そのころ川にはシラウオの群れが遡上する。体長7㎝ほどのシラウオは、身体が半透明なので、見つけづらいが、偏光眼鏡で目をこらすと、それこそ無数に泳いでいる。あまりにも数が多いのでキャストしたルアーのフックに引っかかってくる。巨大なイトウの餌にしては小さすぎるようだが、大量に食えばそれなりに食欲は満たされるのだろう。

4時から6時ころの風のない日に川へ行くと、目の届く範囲で、岸辺に派手な水柱が立つのを目撃することがある。われわれはこの現象をボイルと呼んでいる。ボイルは「沸騰する」という意味に加えて「強者が弱者を飲み込む」という意味もある。これらの場所はいつも決まっている。イトウが餌魚を襲うとき、浅場に追い込んで、一挙に大量に飲み込もうとするので、深さ20㎝ほどのワンドがよく使われる。われわれイトウ釣り師がイトウを狙う深場とは対照的である。

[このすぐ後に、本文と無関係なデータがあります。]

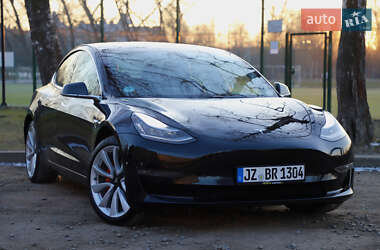 Седан Tesla Model 3 2020 в Дрогобичі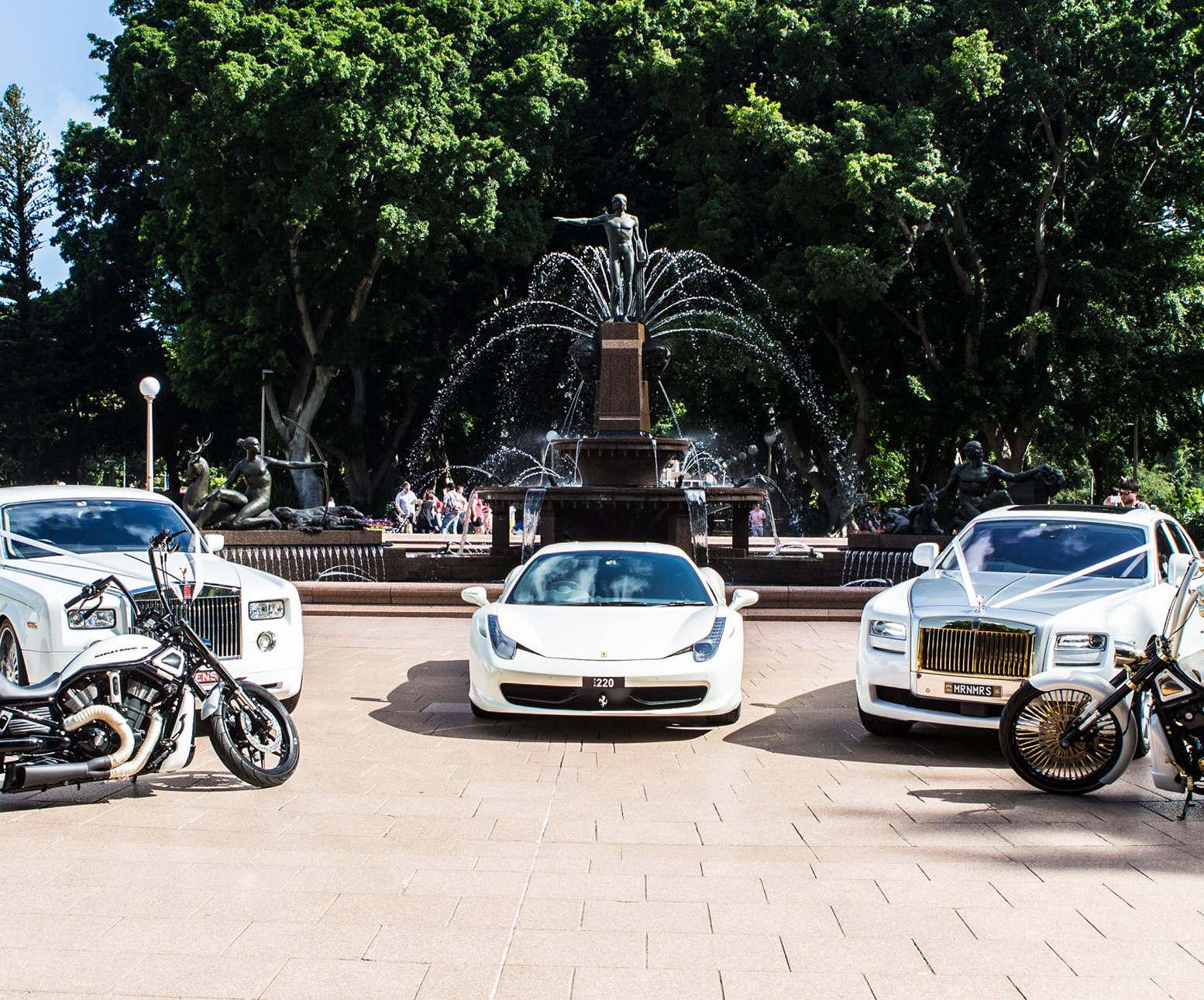 Queen Street Wedding Car Hire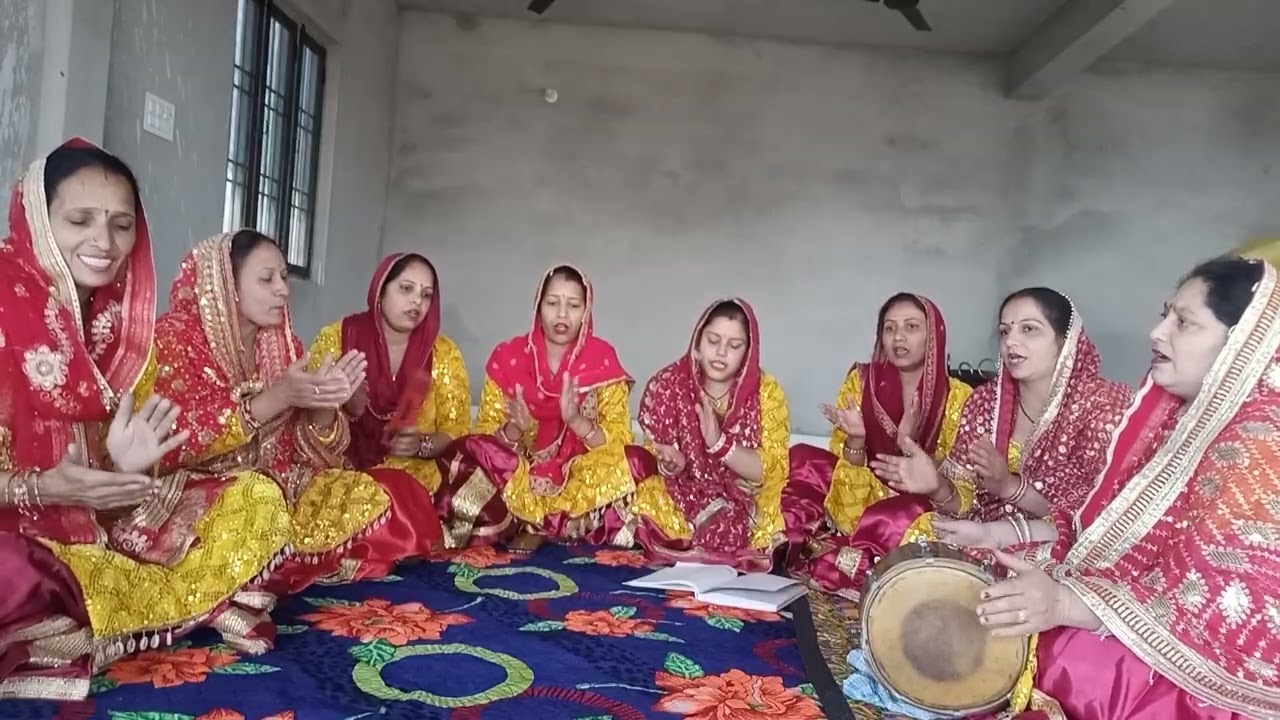 कियां बनी है मेरी मां दी चुनरी कियां बनी है 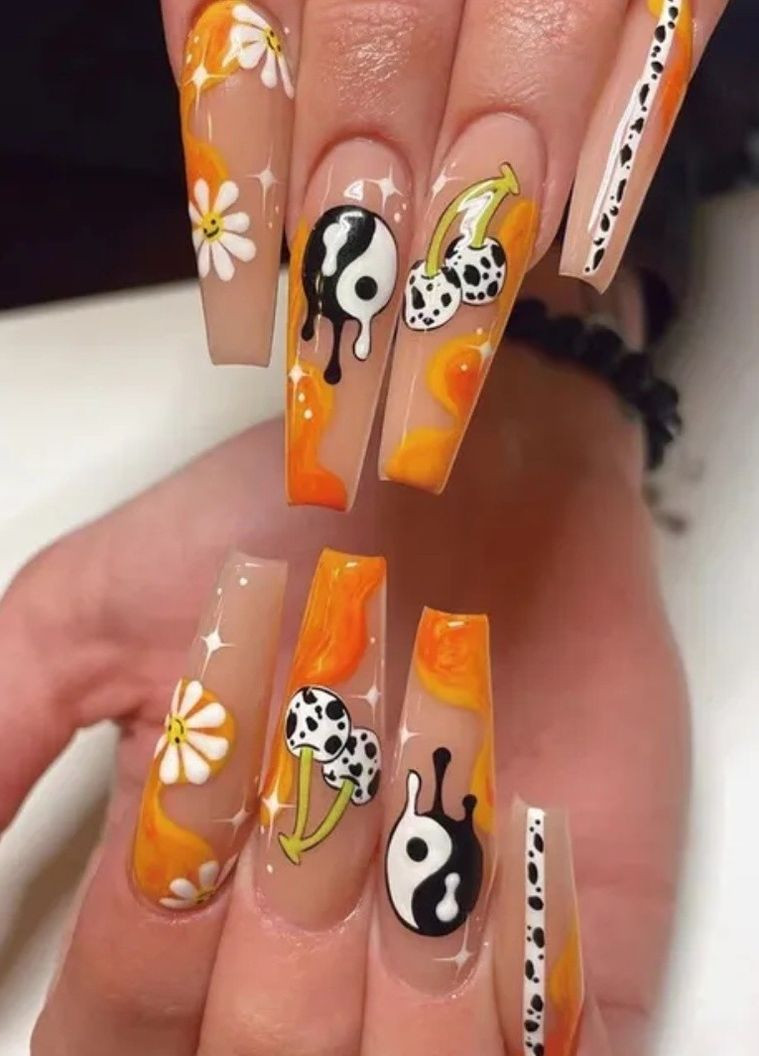 Накладні нігті зі скотчем і пилочкою помаранчеві з яскравим дизайном 24 шт 090 Nails (271986092)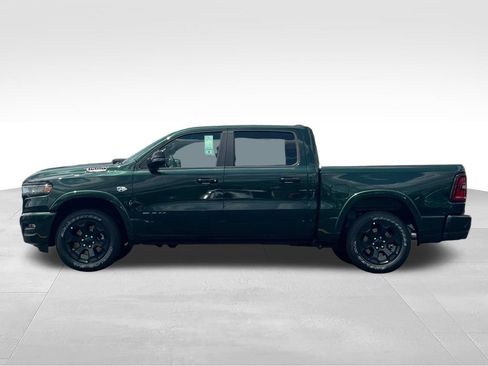 New 2026 RAM 1500 4x4 Crew Cab image 4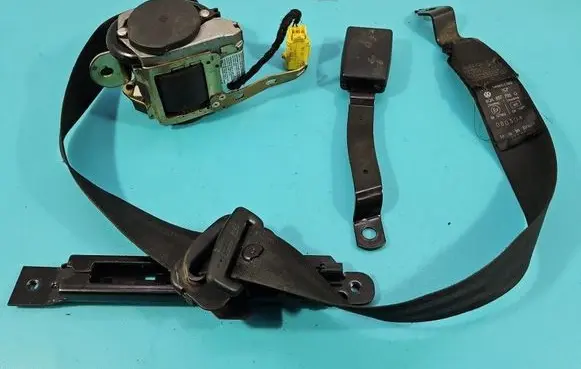 Volkswagen Polo IV 9N3 Front seatbelt IMPRK1538047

なにしろイトウが「ここにいるぞ」と示しているのだから、釣り師はそうした場所に殺到するのだが、狩りの現場でイトウを釣るのは至難だ。なぜかというとボイル現場には、明確なターゲットの餌魚がいて、イトウはそれを食うのに夢中になっているから、他の怪しい疑似餌などには見向きもしないことが多い。逃げ惑う餌魚のなかで、全然逃げない疑似餌を不思議に思うイトウもいるであろう。

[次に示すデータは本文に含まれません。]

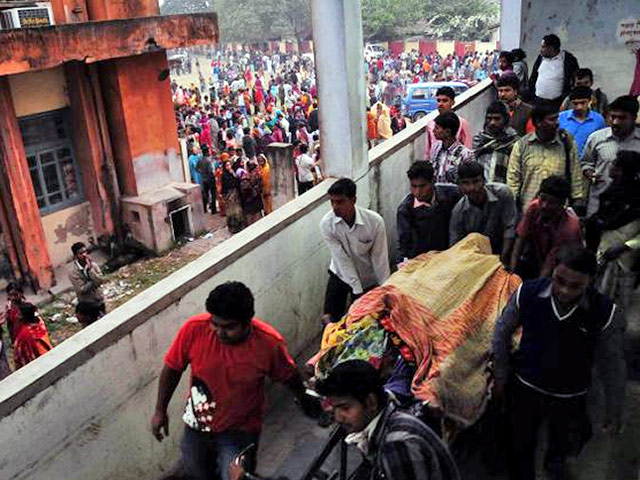 Почти 150 человек отравились самодельным спиртным напитком в деревне Сангрампур в восточном индийском штате Западная Бенгалия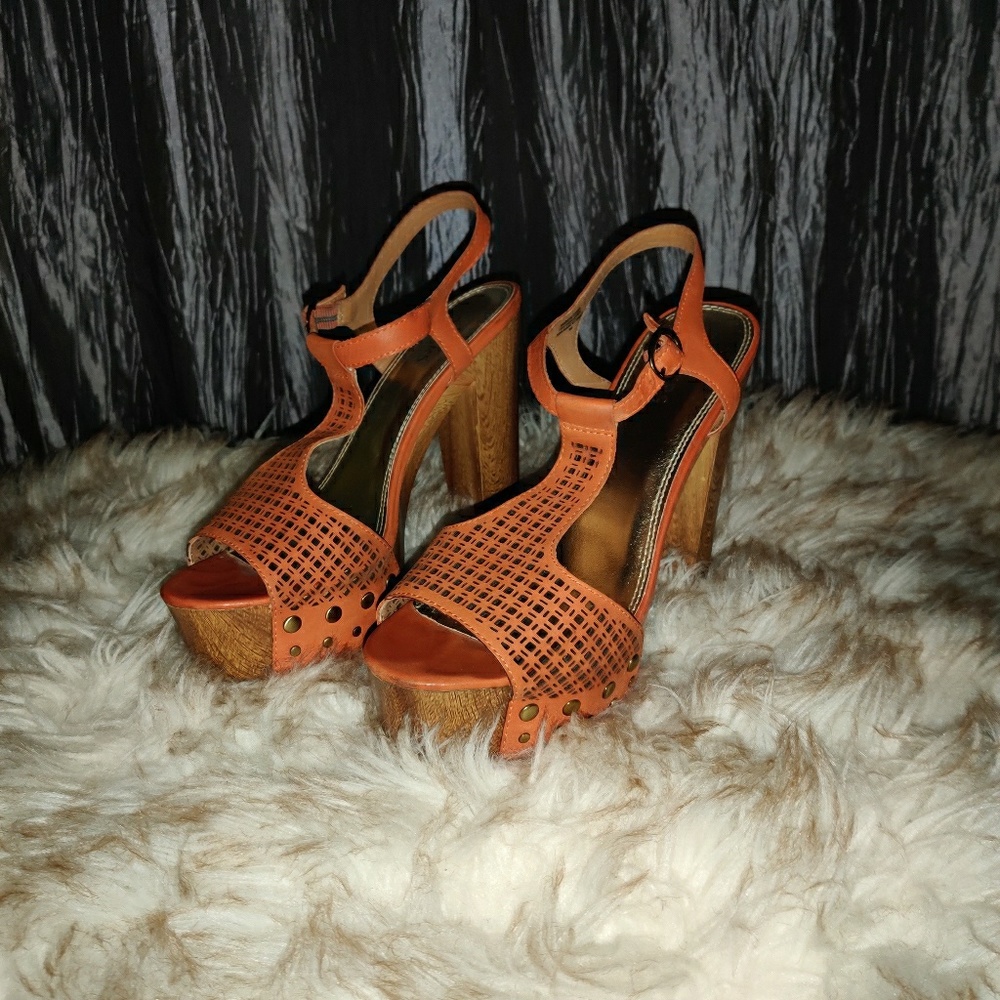 Women's shoes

イトウが夢中になっている餌魚はだいたいがルアーよりははるかに小さいので、ルアーボックスを探しても等身大のルアーはない。たべごろの大きさに近いプラグなどは、軽量でなかなか臨機応変に投射できない。私はこういう際はバイブレーションをもっぱら使うことにしている。わりに小さ目で重量があり、的確にビュウと投じることができる。それでもボイルの現場でヒットさせたことはほとんどない。

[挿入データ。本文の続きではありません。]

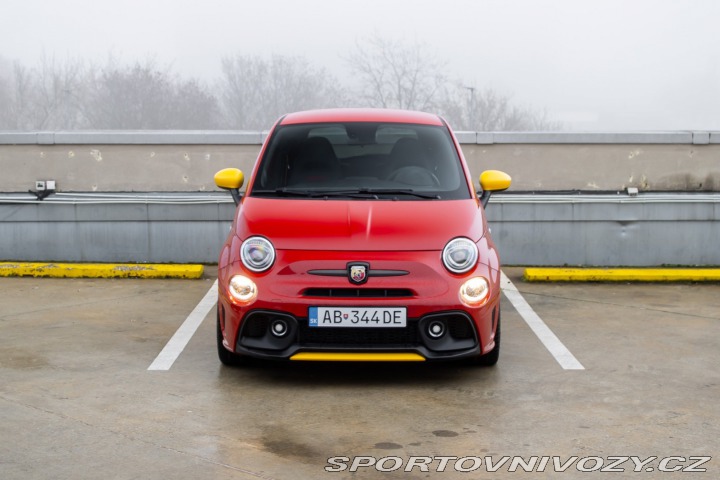 Abarth 500 Competizione 695 Automat 2024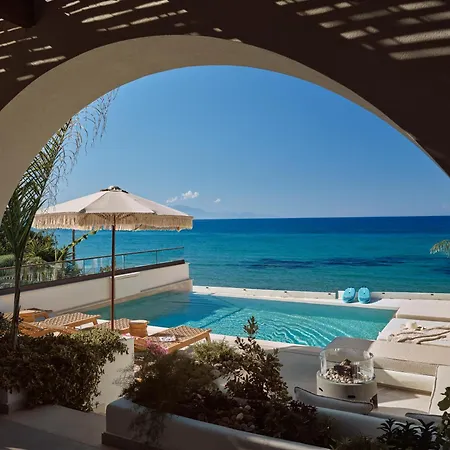 Oriana, Beachfront Villa, Few Steps From The Ionian Sea * 阿凯松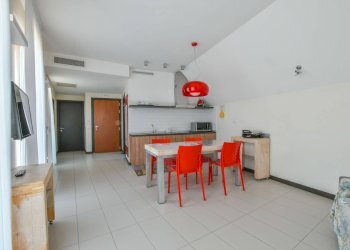 Foto 11 - Stabile - Palazzo Via Emilio Praga, Varese - foto 11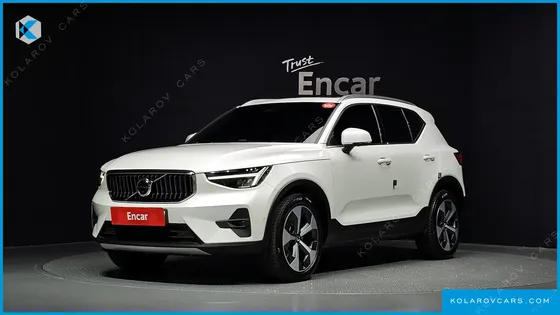 VOLVO XC40 B4 ULTIMATE BRIGHT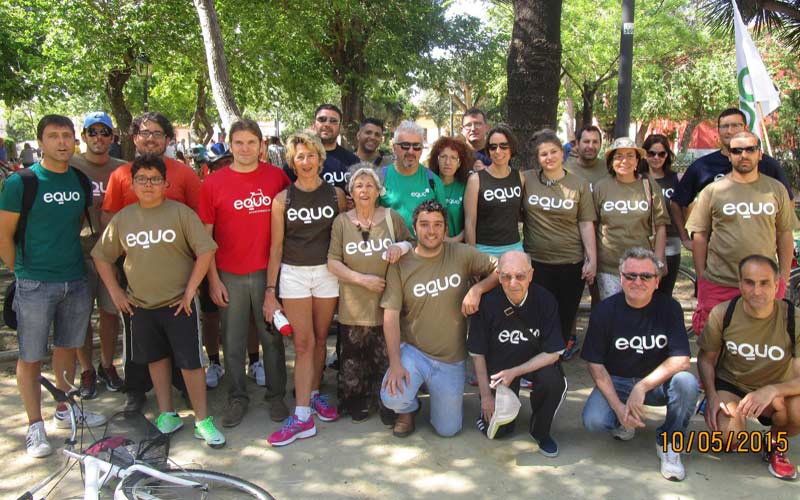 Equo hace campaña pedaleando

そうはいっても広大な釣り場で、イトウが確実に居ることが分かっている場所を捨ててはおけない。私が狙うのは、ひとつはボイルの周辺である。10メートルから20メートル離れた周辺部をしつこく探るのである。早くルアーを見つけてくれよと念じながら。もうひとつは、ボイルが起きる場所が2か所あるのであれば、その中間に位置するのである。イトウが狩り場を移動する途中の気の緩んだときを狙うのだ。これは私が得意にする方法で、ボイルに一喜一憂しないで釣り人のペースでキャスティングを続けられる利点がある。

ホームリバーを回遊するイトウの数はたかが知れている。あっちでもこっちでもボイルするイトウがじつは1匹だけかもしれない。ボイルなど無視して、自分の決めた釣り場で黙々と機械的にキャストを反復するのが最も実利があるかもしれない。

対岸で派手にボイルするイトウに気を取られて、わざわざ車を動かして対岸に移動したら、その時はいままで立っていた釣り場にボイルが移っていたという笑い話もある。

川の水位がたっぷりあり、水温が15℃前後、下げ潮で水流があり、泡や泥煙が流れてくる日が、イトウが最もヒットする可能性が高いと私は考えている。そんな日、川にボイルの水柱は立たず、妙にシンと静まりかえっているものだ。